Cuando Rufino Villalobos llegó a Comillas, procedente del Seminario de Plasencia, yo estaba en mi última etapa de preparación para el sacerdocio, que ya veía al alcance de la mano. La frase puede pasar únicamente para significar un corto espacio de tiempo, que mediaba entre lo que se deseaba y lo que se veía venir, uno o dos años como máximo. Cualquiera otra significación que se le diera sería inadecuada, porque ¿quién podía tener al alance de su mano, tan pequeña, un don personal tan grande como el que con el sacerdocio se recibía?
Pero éramos felices en aquel bendito Seminario de Comillas. Felices, porque éramos conscientes de que progresábamos, recorriendo un camino, que cada vez no situaba más cerca de Jesucristo; y con ayuda de hombres como el P. Nieto, el P. Delgado, el P. Quevedo, etc., nos sumergíamos cada año más en la profundidad de un misterio sagrado, que nos atraía con fuerza, ante el que nos rendíamos por amor. La sangre de nuestra juventud hervía con generosa donación intencional, pero no derramaba sus ricas energías con un inútil esfuerzo, que desperdiciase el anhelo de aprovechar más y más lo que se nos ofrecía.
Rufino Villalobos dejó de pasar inadvertido enseguida. No tenía afán ninguno de presumir de nada; tampoco de ocultar lo que era y sentía, porque sabía lo que es ser corregido para ser mejor, o lo que puede merecer laudable aprobación, aunque no se le diga nada.

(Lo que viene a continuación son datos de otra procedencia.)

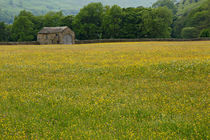 Field of buttercups and stone barn, Swaledale, North Yorkshire von Louise Heusinkveld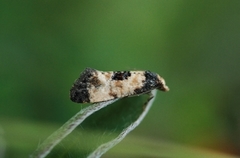 Svevepraktvikler (Cochylis dubitana)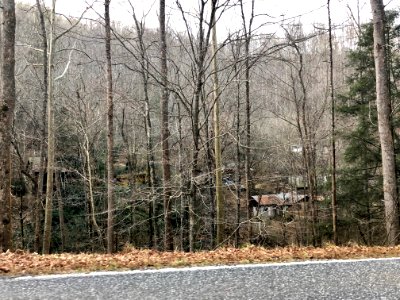 Appalachian Poverty, Willets, NC 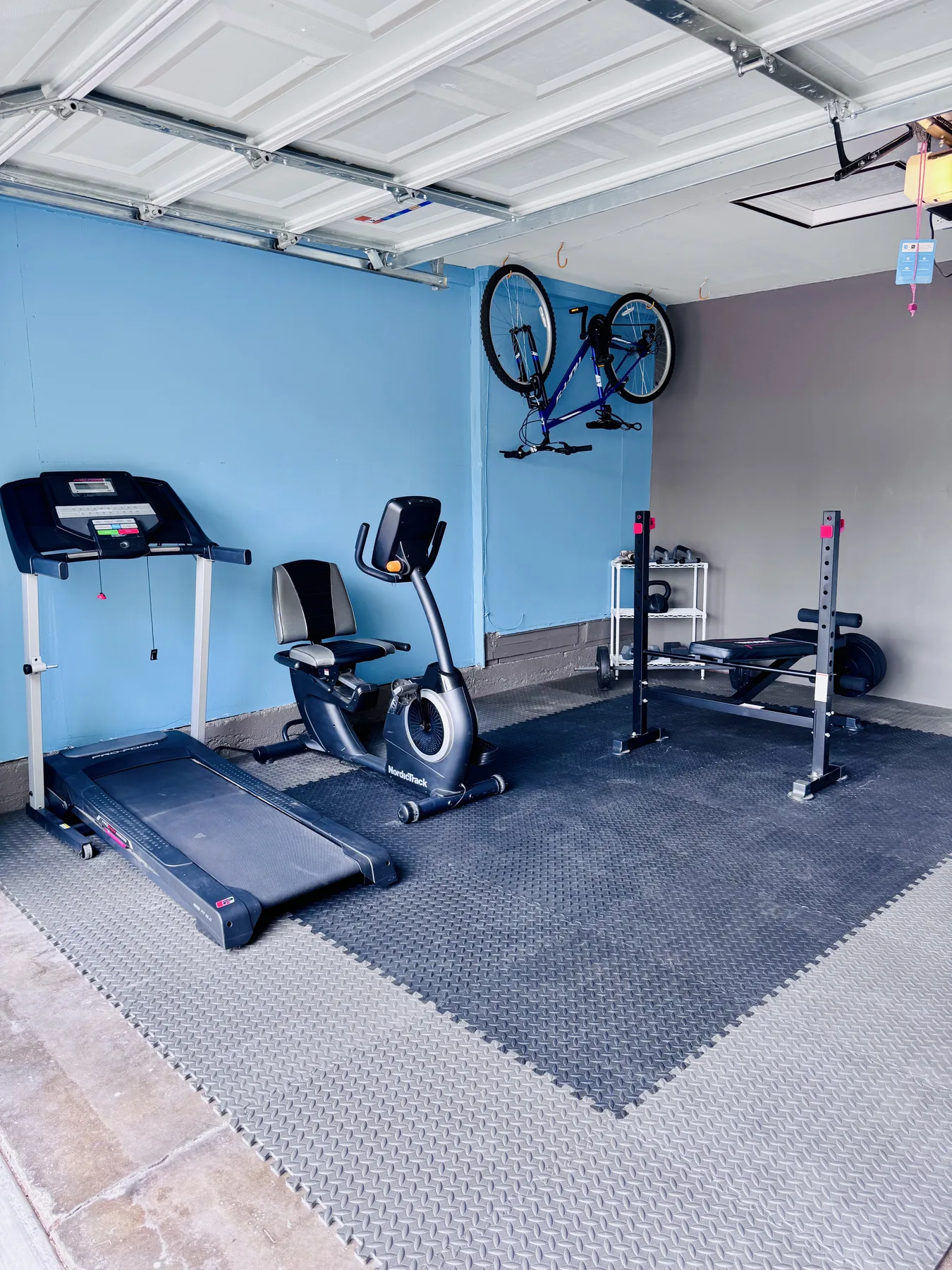 Recreation room with exercise equipment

Era regordete, más bien pequeño de estatura, rostro abierto y simpático, amigo del silencio a su tiempo, y aún más de la conversación fácil y variada, generoso, colaborador de todos en todo lo que nos proponía para mayor perfeccionamiento de la vida de comunidad. Su voz aguda y atenorada era perfectamente audible desde lejos, y enseguida se sabía, aun sin mirar, que allí estaba Rufino, o no estaba, si no se oía su voz. Tenía un gracejo natural, muy propio de su tierra extremeña, y con la agudeza de su ingenio y la extraordinaria memoria que tenía, era capaz de recitar tiradas muy amplias de versos clásicos o modernos, o párrafos largos de una prosa, en que la retórica brillaba y se imponía sin contemplaciones al texto de lo que estuviera escrito, hasta degenerar en cierto barroquismo, que no acababa de gustar al sentido crítico de sus condiscípulos.

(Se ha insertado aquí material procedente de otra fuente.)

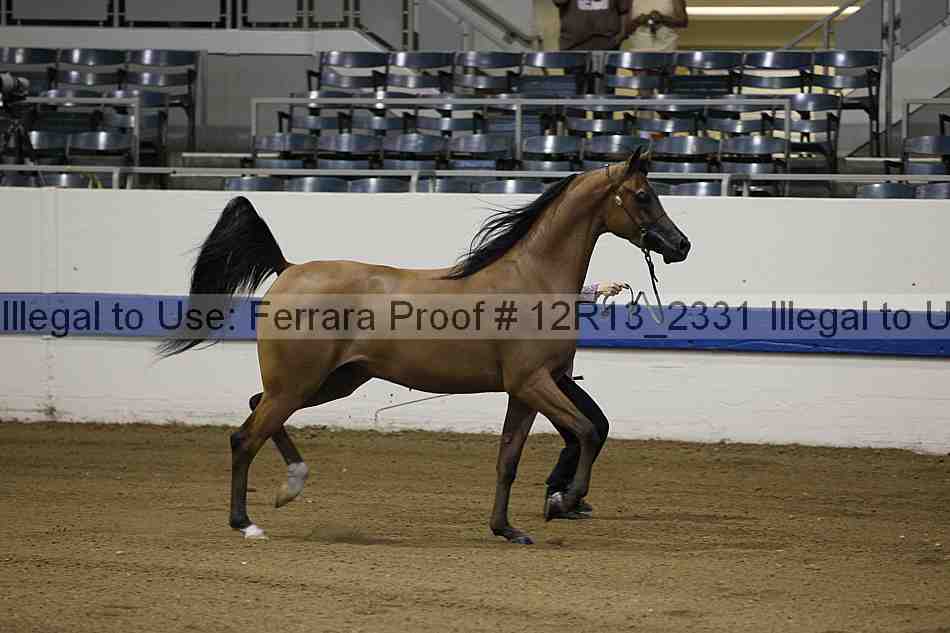 Proof 12r13_2331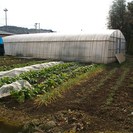 山鹿市小原_売家 - 不動産売買（マンション/一戸建て）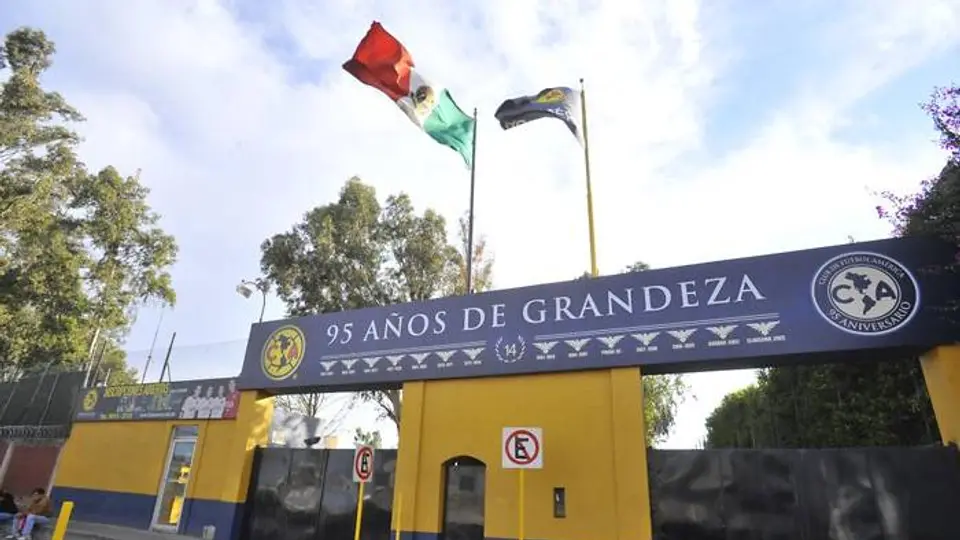 Camello patea y mata a mujer frente a Coapa
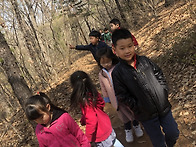 숲활동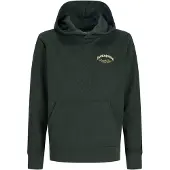 Jack & Jones Logo Kapuzenpullover Boys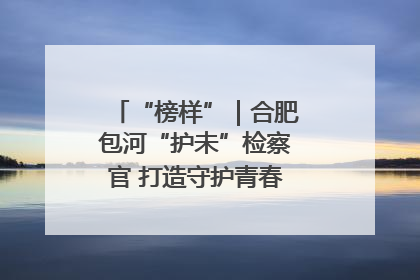 “榜样”｜合肥包河“护未”检察官 打造守护青春成长的永恒灯塔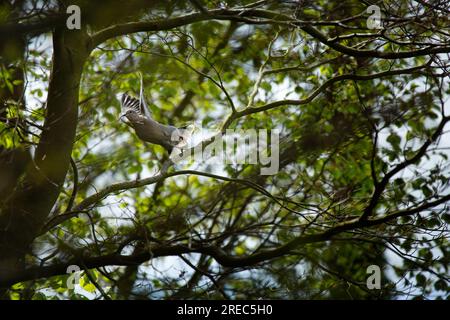 Eurasian collared dove, Streptopelia decaocto Stockfoto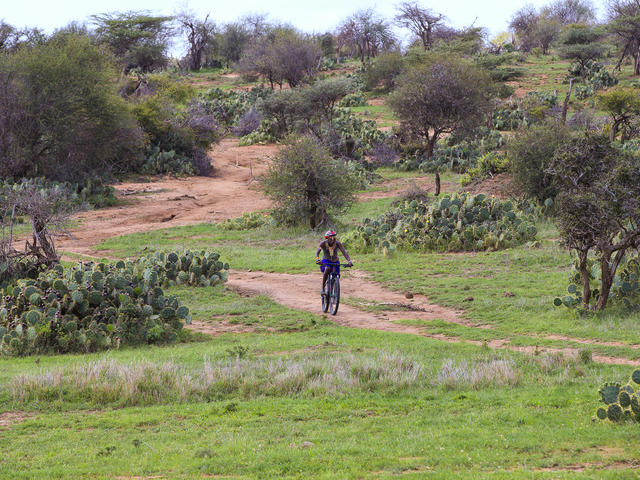 Mountain Biking
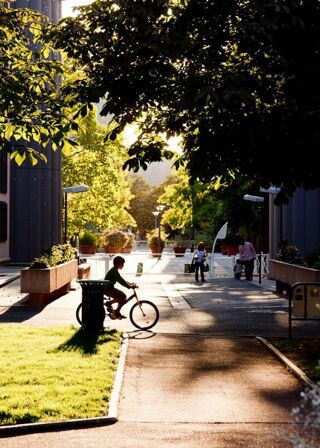  Appartement � louer 3 pi�ces 76 m�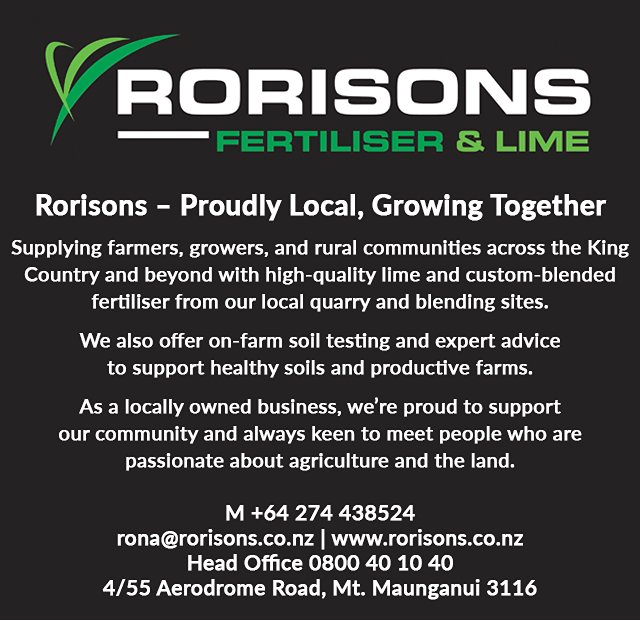 Rorisons
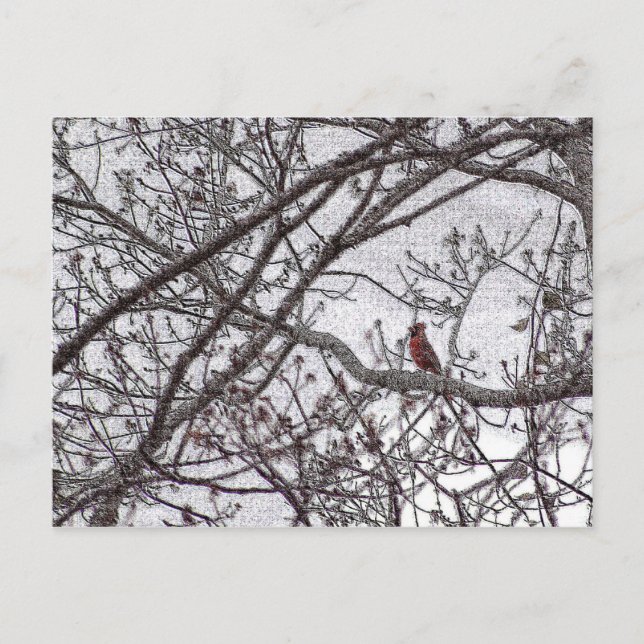 Carte Postale Cardinal dans un arbre (Devant)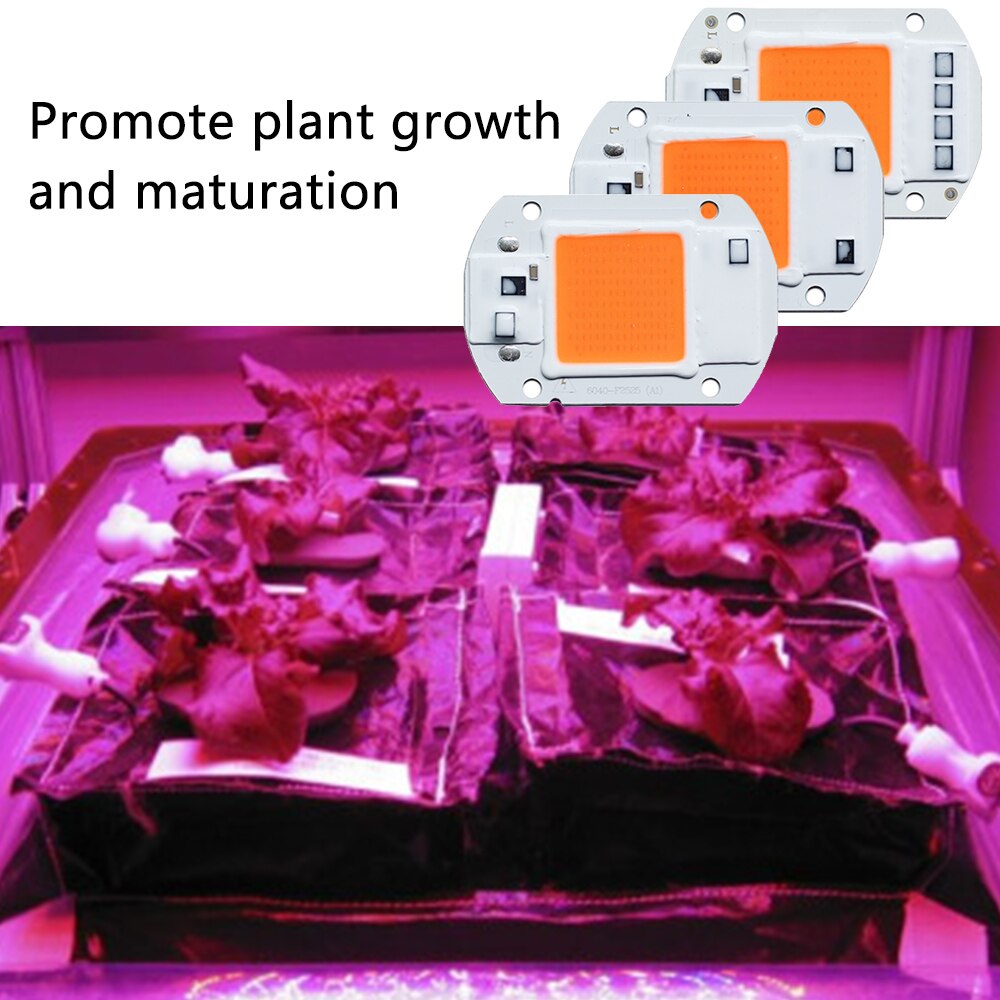 Led Cob Chip Voor Planten Groeien Licht Volledige Spectrum Ac 220V 110V 50W 30W 20W voor Indoor Plant Zaailing Groeien Bloem Groei Verlichting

Un día hube de ir a su habitación a llevarle un recado del P. Prefecto. Me correspondía marcar las horas, en que se distribuía la jornada, para pasar de una ocupación a otra. Llamé a su puerta, dando un pequeño golpe con los nudillos de mi mano, y al instante oí la respuesta: “Cuélese sin reparo”. Al entrar yo y reconocerme, atento únicamente a lo que tenía de extrañeza una visita mía en aquel momento, pudo más su sorpresa que mi sonrisa, y se levantó rapidísimo de su asiento, pronunciando algunas frases con las que quería disculparse y pedir perdón. No hacía falta. Él no había ofendido a nadie. Era sencillamente un momento de buen humor, como tantos que tenía al paso de los días y las horas.
Supe de él más tarde, cuando ya sacerdote, fue canónigo de la catedral de Sevilla y predicador de fama. Siempre correcto, piadoso, finamente educado, sólido en la exposición de la doctrina, deseoso de cumplir con su deber de dar luz y dejarla encendida por donde pasaba, complacía a todos, sin desviarse un ápice de su camino recto. Los que trataban con él, quedaban prendados de su sentido humano y de su cautivadora ejemplaridad sacerdotal.
Murió muy pronto, cuando su vida, ya madura, prometía una fecundidad abundante y de copiosos frutos. A él no le arrastraron los progresismos baratos, sonoros y vacíos como un tambor. La solidez de su formación teológica y espiritual le permitió avanzar siempre, dando de sí cuanto tenía al servicio de una tarea de evangelización auténtica y gozosa. El Señor le llevó pronto junto a sí para darle el abrazo de su misericordia.